To reinforce this point Paul says; If God is for us, who can be against us? Paul has a sense that things are going to get ugly for the early church and a persecution by the Roman authorities is all but given. He reminds the believers that God loved them so much he did not spare his own son who he gave up for us all. If God did that for us how will he not give us all things, Paul asks. And who can possibly bring any charge against those who God has chosen as his own? It’s God who justifies, so how or why does it matter who condemns us? They are of little consequence as it is Jesus who sits at the right hand of God interceding for us. At this point, Paul asks rather rhetorically; Who shall separate us from the love of Christ? Shall trouble or hardship or persecution or famine or nakedness or danger or sword? Without skipping a beat, Paul answers his own question by telling us he is convinced that neither death nor life, neither angels nor demons, neither the present nor the future, nor any powers, neither height nor depth, nor anything else in all creation, will be able to separate us from the love of God that is in Christ Jesus our Lord. Paul is saying that no matter what happens to us, no matter where we are, we can never be lost to his love. The suffering we experience should never drive us from God but help us to identify with Him further and allow His love to reach us and heal us. The Apostle is telling us how very great God’s love is for us so that we will feel totally secure in Him, and if we believe these overwhelming assurances, we will not be afraid.
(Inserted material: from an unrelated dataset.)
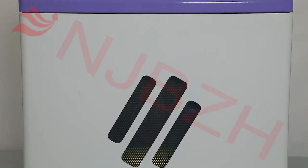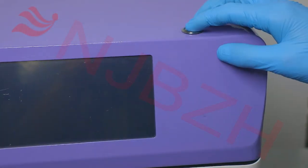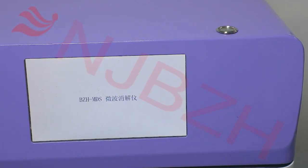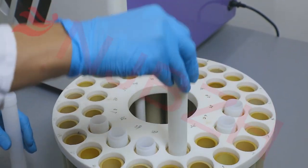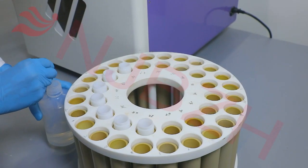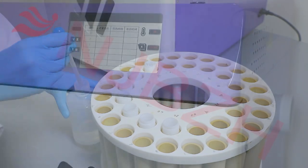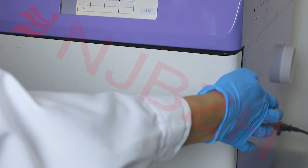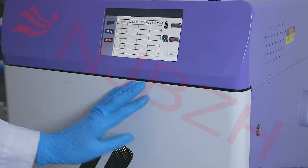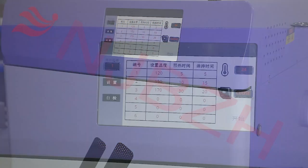A microwave digestion system can be used with a microwave digestion tank. It uses the principle of microwave heating to directly heat the sample in a closed digestion tank. At the same time, the amount of reagents used in the digestion process is small, the blank value is low, and the operation is simple, which effectively guarantees the integrity of volatile elements in the process of sample analysis and detection.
So, the take-away from this scripture is that the Apostle Paul presents the Spirit as energetically and indispensably working to accomplish God’s purposes much like Margaret Anderson working tirelessly to make and mold her family into that all-American family of the 50s. The Spirit, Margaret Anderson, works to effectively strengthen people like Princess, Bud, Kitten and people like Scott, John, Diane, Debbie, Hank, Dale, Don, Janet and Kathy to overcome their earthly weaknesses in their service to the Father for the good of those who love Him. And like Margaret Anderson, the Spirit brings the needs and petitions of all God’s children to the Father who knows best.
Please pray with me.
O Lord my God, when I in awesome wonder consider all the worlds thy hands have made, I see the stars, I hear the rolling thunder, thy power throughout the universe displayed. Then sings my soul, my Savior God to thee; how great thou art, how great thou art! How humble we made ourselves when we realized your love for us was so deep that you would not even spare your own beloved son. We can scarcely take it in that on the cross he readily took upon himself our burdens to take away our sins. How we look forward to that day when Christ will return in victory to take us home and what a joy fills our hearts as we bow in humble adoration proclaiming how great thou art. Amen.